# [TASK GOAL]
Write out exactly the lines from the one containing "2019 Toyota Avalon Hybrid XLE Plus" to the end of the material, both ends included, and nothing else. Leave pictures out.

= Beginning of Section =

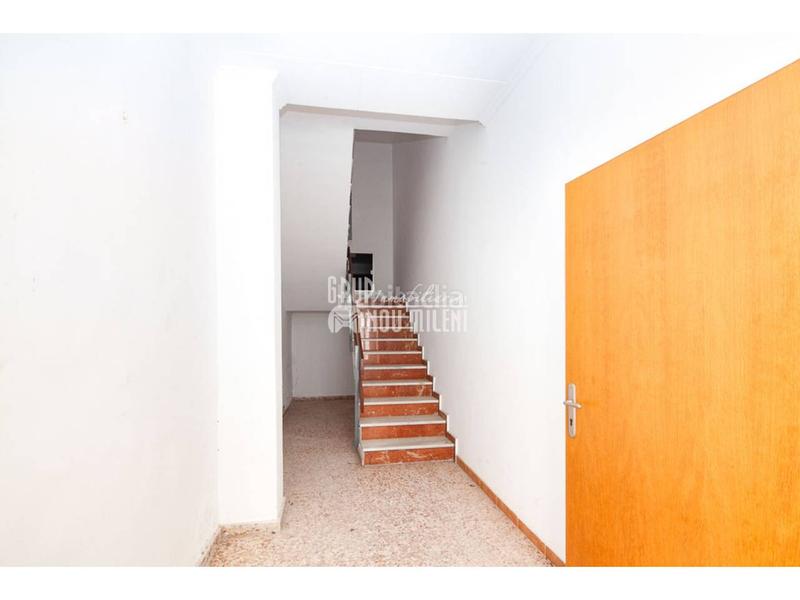 Foto 2f96b6b7-3283-46c7-ab73-a75bf2bdf36b. Edifici a Polinyà de Xúquer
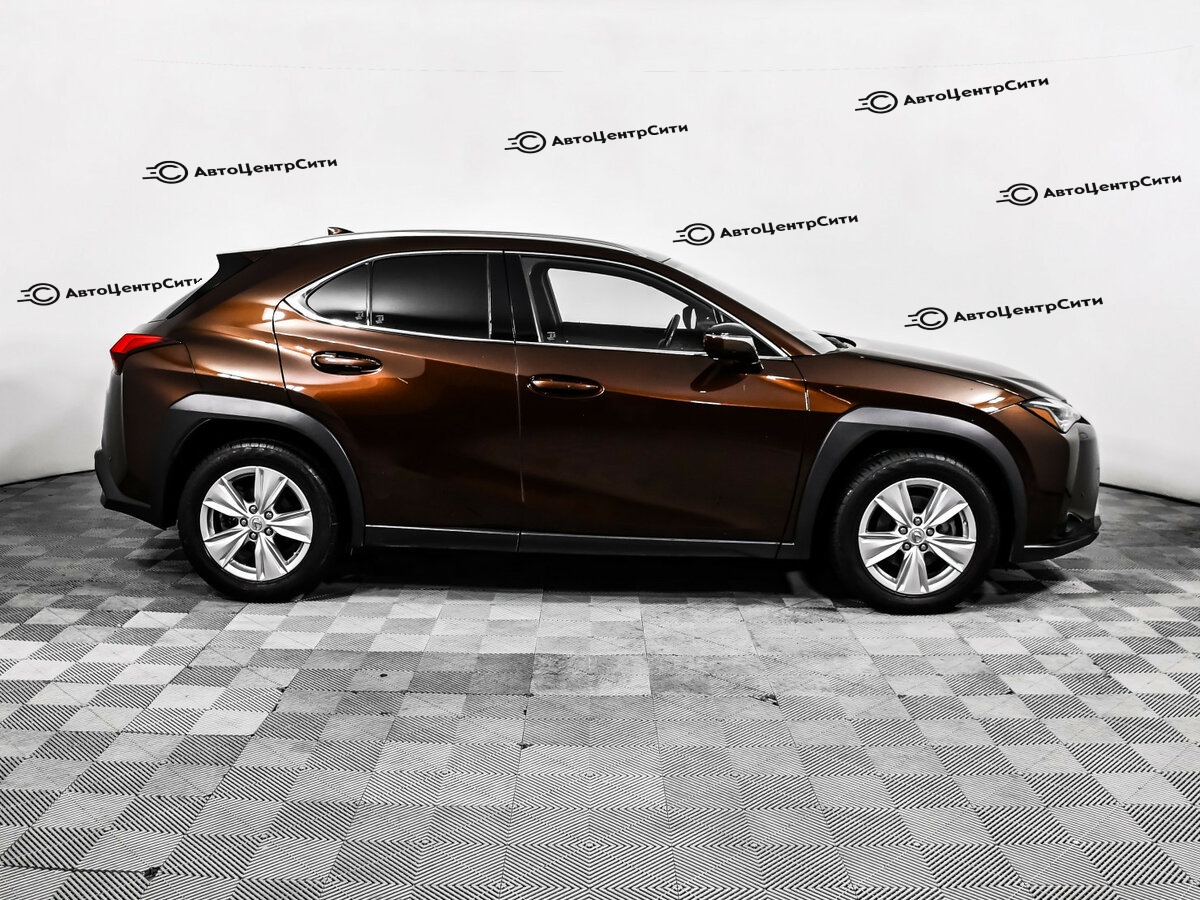 Lexus UX с пробегом — 2021 год. Фото: #3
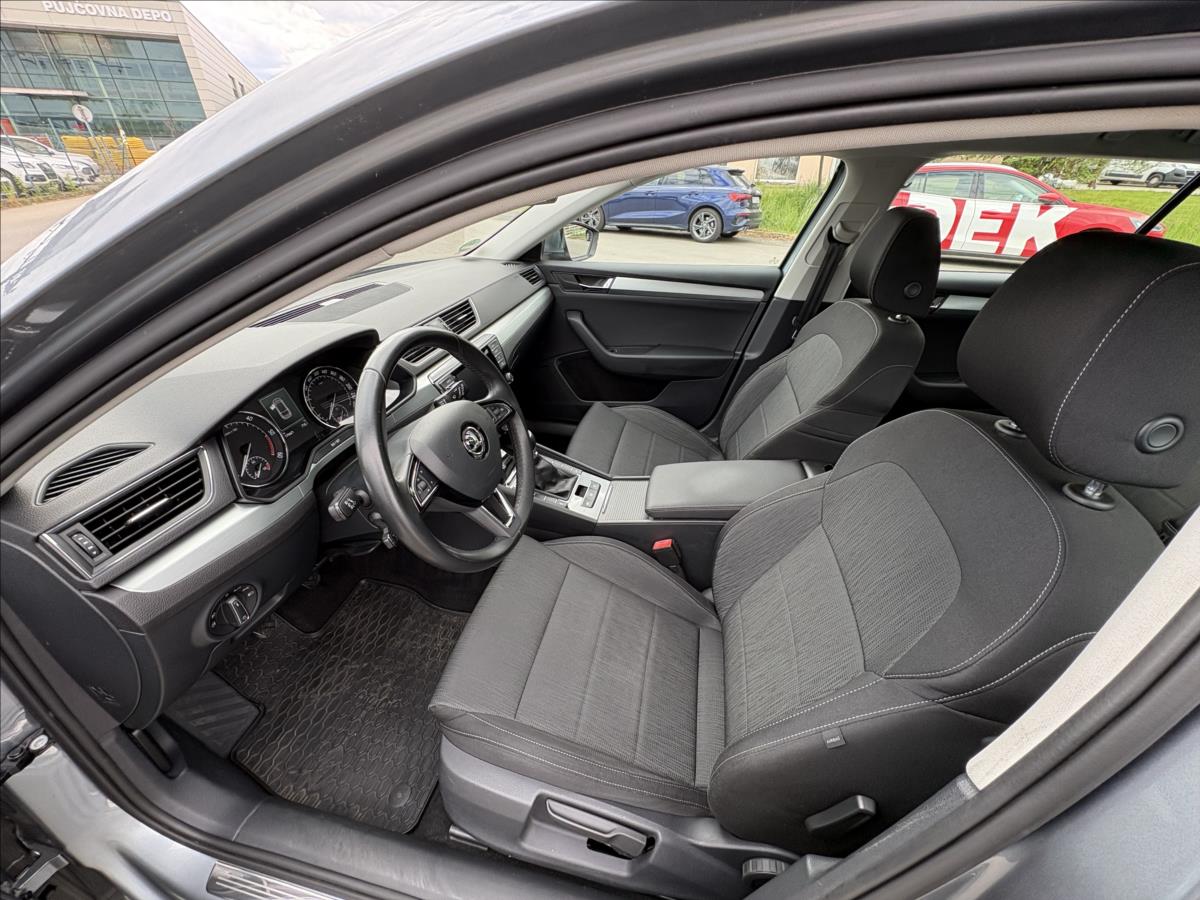 skoda-superb-1-6-tdi-88kw-xenon-acc-vyhrev - 2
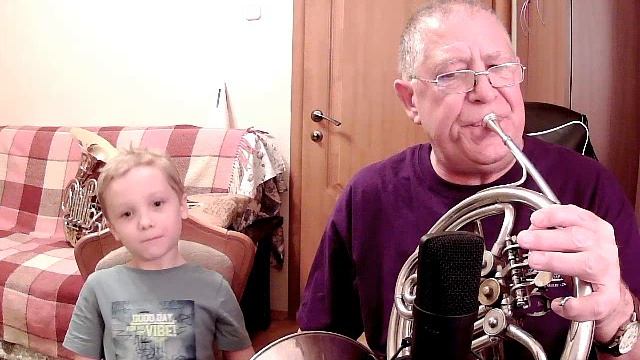 Первые звуки на валторне смотреть онлайн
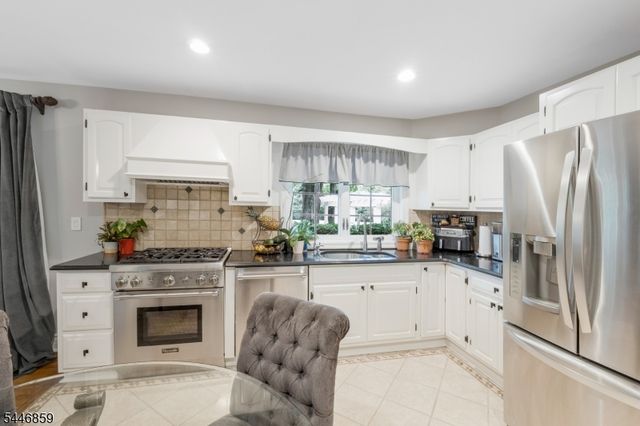 374 S Maple Ave, Bernards Twp., NJ 07920
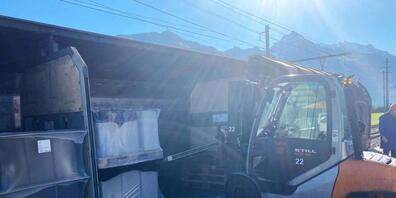 Beim Entladen eines Güterwagens wurde am Montagvormittag in Niederurnen GL ein 59-jähriger Mann schwer verletzt.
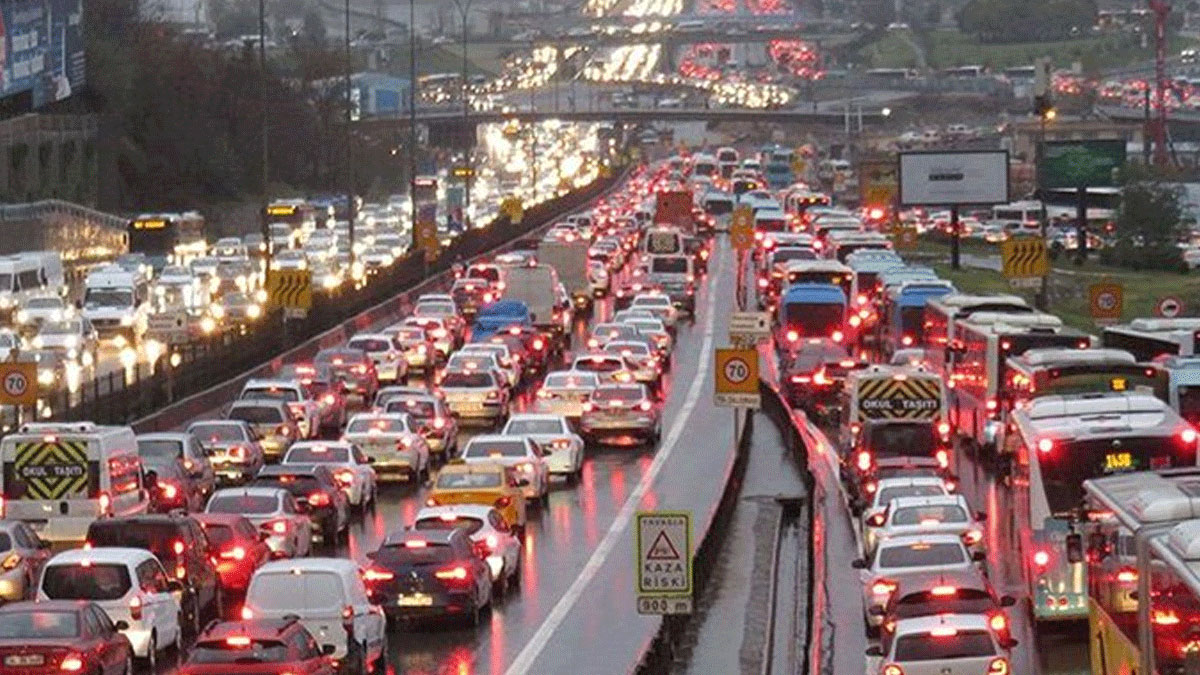Trafikte yeni düzenlemeler yolda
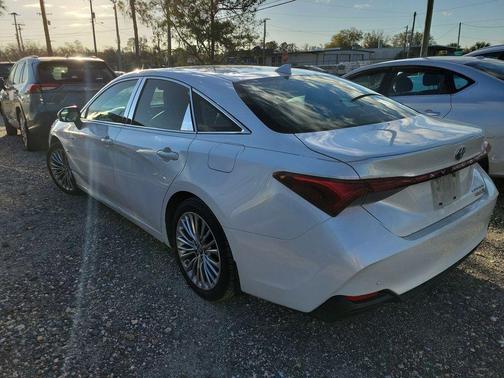 2019 Toyota Avalon Hybrid XLE Plus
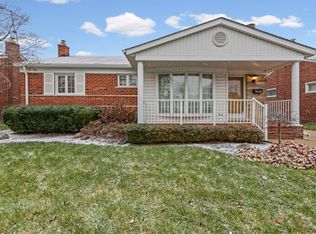 24213 Raven Ave, Eastpointe, MI 48021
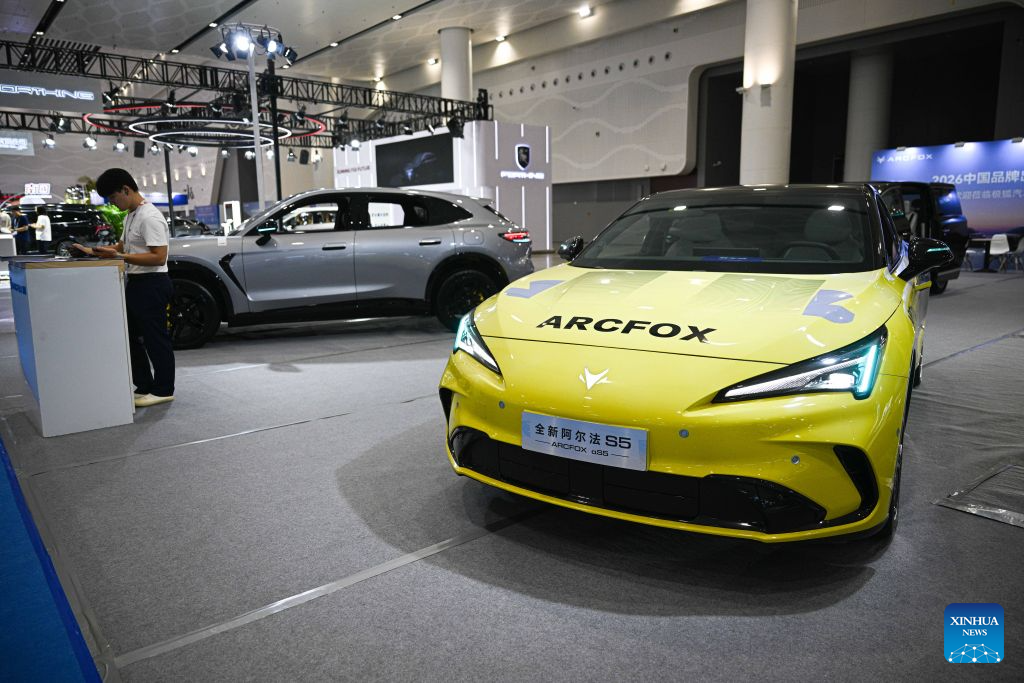 New energy vehicles are displayed at the China Brands Export Expo in Haikou, south China's Hainan Province, Oct. 20, 2026. The three-day expo kicked off here on Tuesday. (Xinhua/Pu Xiaoxu)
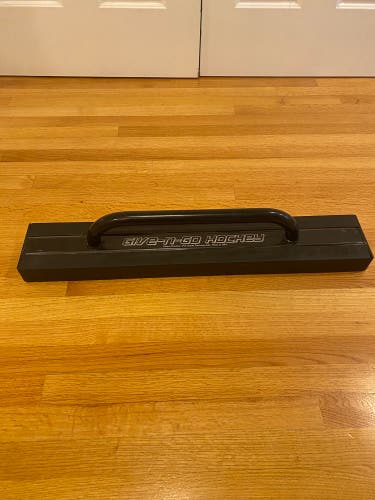 GIVE N GO Hockey Passer Training Aid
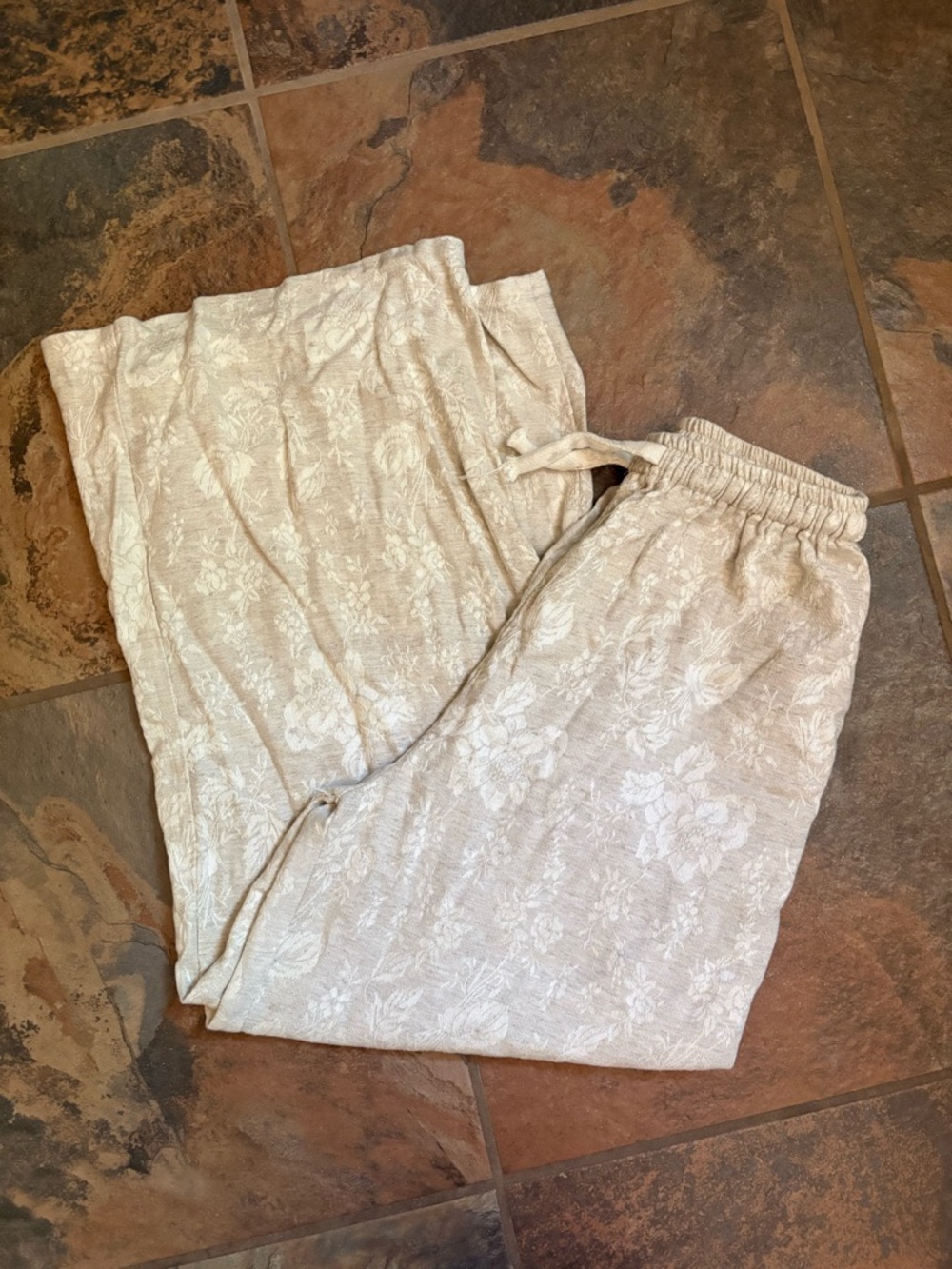 Vintage High-Waist Floral Linen-Blend Pants - Cream - Picture 3 of 5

= End of Section =

# [ANSWER SECTION]
 2019 Toyota Avalon Hybrid XLE Plus
 24213 Raven Ave, Eastpointe, MI 48021
 New energy vehicles are displayed at the China Brands Export Expo in Haikou, south China's Hainan Province, Oct. 20, 2026. The three-day expo kicked off here on Tuesday. (Xinhua/Pu Xiaoxu)
 GIVE N GO Hockey Passer Training Aid
 Vintage High-Waist Floral Linen-Blend Pants - Cream - Picture 3 of 5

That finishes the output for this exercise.